As others have stated, the reason that video is worse than text for learning
is because

A. The rate at which you can read is faster than you can listen

B. Video technology is often a hassle when you need to skip around.

C. It's cheaper to write and revise text than video.

D. Videos consume large amounts of data.

But I'm going to add another point.

E. Lecturers most often don't know what I as a student am struggling with.
They may focus on things I understand easily and spend a majority of time
discussing things I already know. However, if I decide to skip a portion of a
video I could potentially miss a really important detail necessary for
understanding the subject matter.

With a book I can skim. Important information is often marked in a certain way
to make it stand out from other data. It's also organized in sections and
chapters so I can easily skip around. With videos this isn't possible.

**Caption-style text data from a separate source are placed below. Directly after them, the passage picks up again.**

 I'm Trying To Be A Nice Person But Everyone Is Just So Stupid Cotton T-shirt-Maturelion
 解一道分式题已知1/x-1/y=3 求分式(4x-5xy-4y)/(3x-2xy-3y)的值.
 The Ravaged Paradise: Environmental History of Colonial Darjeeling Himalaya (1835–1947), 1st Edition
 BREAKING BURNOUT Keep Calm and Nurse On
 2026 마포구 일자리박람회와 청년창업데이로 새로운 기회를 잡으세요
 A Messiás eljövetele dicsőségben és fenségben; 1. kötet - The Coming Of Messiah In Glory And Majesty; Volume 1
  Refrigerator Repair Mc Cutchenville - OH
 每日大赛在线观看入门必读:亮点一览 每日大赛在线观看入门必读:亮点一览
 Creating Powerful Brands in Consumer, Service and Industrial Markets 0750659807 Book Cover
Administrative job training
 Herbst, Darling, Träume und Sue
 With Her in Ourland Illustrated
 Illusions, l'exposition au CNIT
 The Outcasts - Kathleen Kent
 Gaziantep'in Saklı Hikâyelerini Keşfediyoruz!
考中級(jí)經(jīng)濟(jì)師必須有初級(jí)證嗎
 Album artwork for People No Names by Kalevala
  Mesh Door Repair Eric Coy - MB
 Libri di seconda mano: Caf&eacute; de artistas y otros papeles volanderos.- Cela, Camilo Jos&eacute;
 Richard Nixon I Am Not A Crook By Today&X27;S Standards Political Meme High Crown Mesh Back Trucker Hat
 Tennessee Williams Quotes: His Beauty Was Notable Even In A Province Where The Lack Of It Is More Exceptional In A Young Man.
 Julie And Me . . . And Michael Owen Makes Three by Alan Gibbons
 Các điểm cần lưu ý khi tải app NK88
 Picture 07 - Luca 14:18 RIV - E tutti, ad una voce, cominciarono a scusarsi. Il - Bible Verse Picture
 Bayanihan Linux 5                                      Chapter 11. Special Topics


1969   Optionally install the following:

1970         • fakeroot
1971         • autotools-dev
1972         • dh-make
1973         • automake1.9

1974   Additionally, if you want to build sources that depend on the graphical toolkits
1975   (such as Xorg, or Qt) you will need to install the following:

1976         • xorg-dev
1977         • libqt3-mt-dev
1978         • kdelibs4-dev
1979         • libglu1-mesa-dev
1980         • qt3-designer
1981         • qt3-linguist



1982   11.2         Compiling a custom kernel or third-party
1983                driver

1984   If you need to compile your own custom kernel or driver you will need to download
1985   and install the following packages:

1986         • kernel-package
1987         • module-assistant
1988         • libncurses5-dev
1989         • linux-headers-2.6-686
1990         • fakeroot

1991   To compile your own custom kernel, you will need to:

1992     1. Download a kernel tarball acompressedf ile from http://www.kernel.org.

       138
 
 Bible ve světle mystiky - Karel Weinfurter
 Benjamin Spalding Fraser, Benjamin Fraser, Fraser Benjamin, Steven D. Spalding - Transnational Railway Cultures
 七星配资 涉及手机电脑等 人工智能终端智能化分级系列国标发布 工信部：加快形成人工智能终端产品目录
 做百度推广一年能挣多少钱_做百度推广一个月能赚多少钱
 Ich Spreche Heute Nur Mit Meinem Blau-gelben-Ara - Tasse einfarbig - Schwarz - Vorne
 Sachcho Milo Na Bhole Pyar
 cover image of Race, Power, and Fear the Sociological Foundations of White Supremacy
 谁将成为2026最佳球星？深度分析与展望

Also, what happens when all of this information is outdated? Now you have a
bunch of videos with outdated and potentially false information out there and
nobody will know.

My ideal alternative would be to remove lectures entirely and to have
interactive labs where teachers and TAs help students complete assignments
based on assigned readings. The instructor for the course would be responsible
for overseeing the teaching assistants and preparing the course outline. The
TAs would help guide the students in completing the assignments or mini
projects. Then a couple of time a semester there would be larger projects that
tie together what the students have learned.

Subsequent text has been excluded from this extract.